The Rule of Law Impeaches Trump

Here’s an interesting proposition: take everything Trump rants about in his remarkable six-page letter to Nancy Pelosi on the eve of his impeachment as if it was written in front of a mirror.

This is often the way a demented, paranoid mind works. It takes all the internalized hate and fear and projects it outward. Everything he is accusing Pelosi of are crimes and excesses his mind is telling him he’s guilty of.

What turns this paranoia into a screed is terror. Trump is experiencing primordial terror at the prospect of being called out for his bad behavior. It’s something he’s never had to do before his entire life, and he can’t handle it. We can expect it to get even worse after the vote to impeach is taken.

Apply this projection paranoia to his attack on prayer in the letter. Trump’s the one who is callous and totally hypocritical on the subject, but now that he’s terrified, he is becoming unhinged by the thought that God is abandoning him, too, and he is fit for nothing but a plunge into the dark, friendless emptiness and horrors of hell.

It is instructive that this particularly hateful letter was addressed to Pelosi, a woman, exactly the kind that Trump can’t handle emotionally.
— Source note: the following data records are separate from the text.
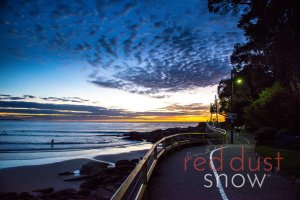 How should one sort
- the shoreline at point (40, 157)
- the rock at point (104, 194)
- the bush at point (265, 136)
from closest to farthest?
the rock at point (104, 194) < the bush at point (265, 136) < the shoreline at point (40, 157)

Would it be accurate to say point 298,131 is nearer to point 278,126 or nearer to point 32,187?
point 278,126

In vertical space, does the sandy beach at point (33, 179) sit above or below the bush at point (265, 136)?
below

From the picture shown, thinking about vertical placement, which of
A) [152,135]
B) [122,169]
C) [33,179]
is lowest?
[33,179]

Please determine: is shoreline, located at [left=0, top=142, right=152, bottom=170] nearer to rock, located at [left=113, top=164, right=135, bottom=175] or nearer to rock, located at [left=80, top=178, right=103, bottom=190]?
rock, located at [left=113, top=164, right=135, bottom=175]

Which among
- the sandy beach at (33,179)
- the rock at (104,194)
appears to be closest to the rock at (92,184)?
the sandy beach at (33,179)

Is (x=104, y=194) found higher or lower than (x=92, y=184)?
higher

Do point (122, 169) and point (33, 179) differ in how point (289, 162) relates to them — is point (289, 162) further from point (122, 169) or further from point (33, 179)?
point (33, 179)

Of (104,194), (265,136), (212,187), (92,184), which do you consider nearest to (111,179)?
(92,184)

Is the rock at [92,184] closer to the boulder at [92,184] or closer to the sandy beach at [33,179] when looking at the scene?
the boulder at [92,184]

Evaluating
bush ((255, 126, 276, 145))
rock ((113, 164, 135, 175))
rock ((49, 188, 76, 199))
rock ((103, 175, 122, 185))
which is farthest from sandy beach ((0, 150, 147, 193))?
bush ((255, 126, 276, 145))

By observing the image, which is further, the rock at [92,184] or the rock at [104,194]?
the rock at [92,184]

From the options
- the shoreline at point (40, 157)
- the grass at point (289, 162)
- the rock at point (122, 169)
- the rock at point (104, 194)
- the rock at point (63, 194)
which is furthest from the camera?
the shoreline at point (40, 157)

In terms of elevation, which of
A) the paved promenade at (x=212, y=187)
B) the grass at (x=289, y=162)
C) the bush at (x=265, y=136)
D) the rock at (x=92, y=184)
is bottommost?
the rock at (x=92, y=184)

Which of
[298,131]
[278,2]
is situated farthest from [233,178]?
[298,131] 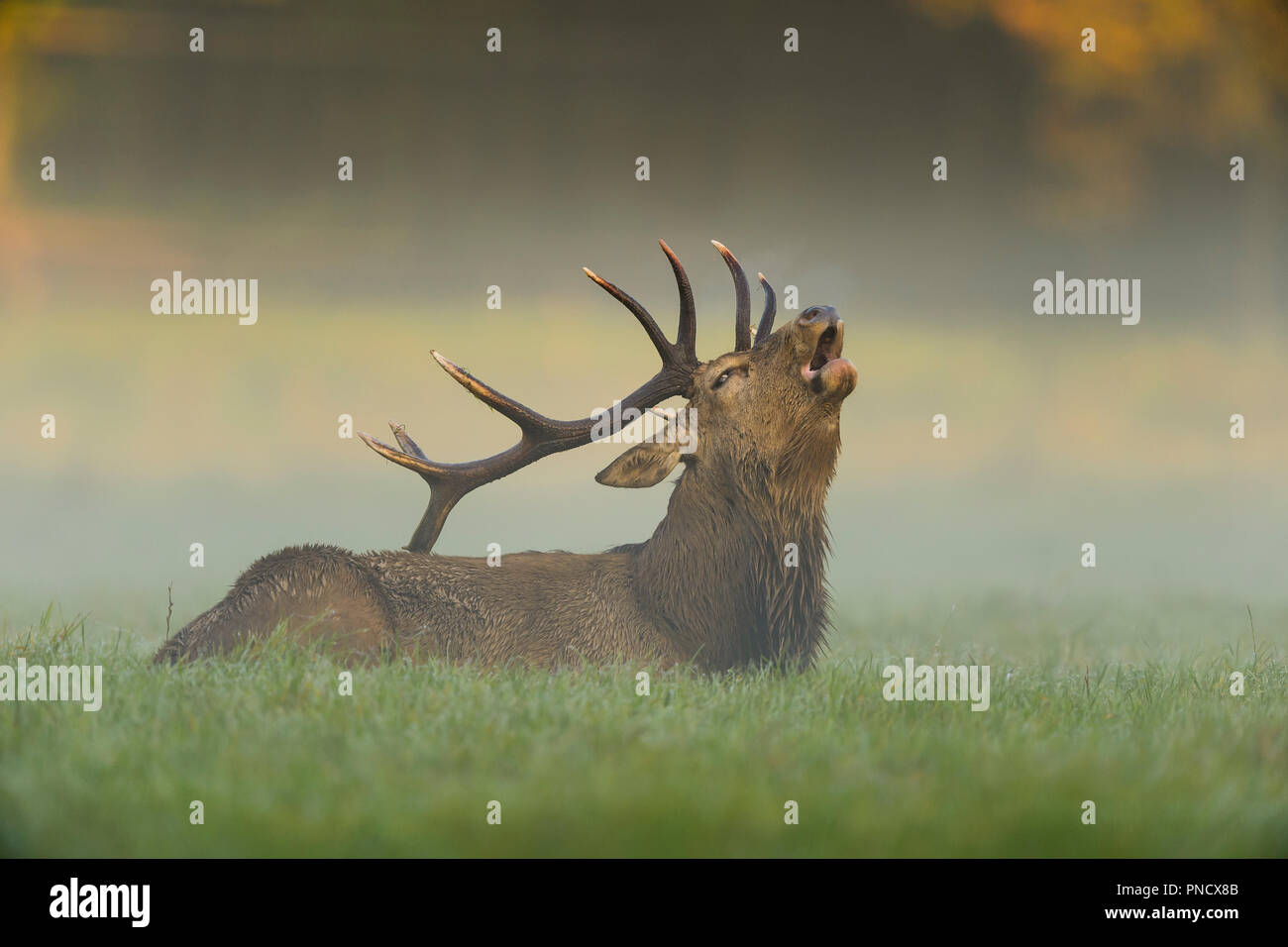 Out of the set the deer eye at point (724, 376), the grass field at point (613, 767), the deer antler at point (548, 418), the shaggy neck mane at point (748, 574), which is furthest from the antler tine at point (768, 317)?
the grass field at point (613, 767)

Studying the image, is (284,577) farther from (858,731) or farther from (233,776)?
(858,731)

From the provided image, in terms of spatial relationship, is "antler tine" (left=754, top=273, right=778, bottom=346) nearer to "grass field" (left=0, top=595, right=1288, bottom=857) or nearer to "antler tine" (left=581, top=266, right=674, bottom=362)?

Of citizens polled who favor his impeachment and removal from office, it is women who represent one of the biggest majorities. The #MeToo movement has brought millions of people to a new level of awareness, an awareness that was first inspired by the rise of the modern feminist movement, something generally written out of our formal histories at least up until the point that women won the right to vote a century ago.

Indeed, there was a vibrant women’s movement during and following the American revolution, where in France the revolution there called for equal rights for women, including the vote, from the start. Paris was the center of the Democratic Enlightenment that informed and fueled the American revolution with its “History of Philosophy” movement.

Thomas Paine, Ben Franklin and other seminal thinkers in the push to revolution in the colonies were deeply informed by the Paris movement, from where key support for the war fighting also came.

There was an unrelenting push for women’s equality that loomed in the background of formal U.S. historical accounts and it was not until the outbreak of the Great War in 1914 took 20 million lives, including over 100,000 American lives, that the pressure grew to the point that the 20th Amendment was passed in 1920 granting the right of women to vote.

The sentiment was that men had screwed the world up so badly as to foment World War I, led by three male cousins, heirs of Queen Victoria. It was marked a wholesale slaughter of millions of educated young men who were perceived by European royalty and oligarchs as a threat to their order.

It caused the devolution of Europe into fascism, tyranny and mass murders after that war, requiring, for purposes with better motives, the prosecution of the Second World War to eradicate.

With the rest of us now, Trump was born into a post-World War II world that had been through all that, and that remained divided between those seeking a revival of fascist and communist tyrannies and those of us who grew up as heirs of a humanist mobilization against that madness.

Trump and his racist father arose on the fascist side of this divide, and when Trump was ready to launch his own career, his confidant was Roy Cohn, the aide to Sen. Joe McCarthy who sought to revive the post-war fascist cause in America.

Here remains the divide today. Trump did not come from a vacuum. His rise was conditioned by a cultural mentality contemptuous of democracy and the rule of law from his earliest days, one that conformed to the brutal laws of organized crime. Crime, get it? That’s his pedigree. Above the law, in favor of rule by force, by nature.

That’s what this impeachment is about. It is about holding Trump to the rule of law, something for which he’s had no respect whatsoever.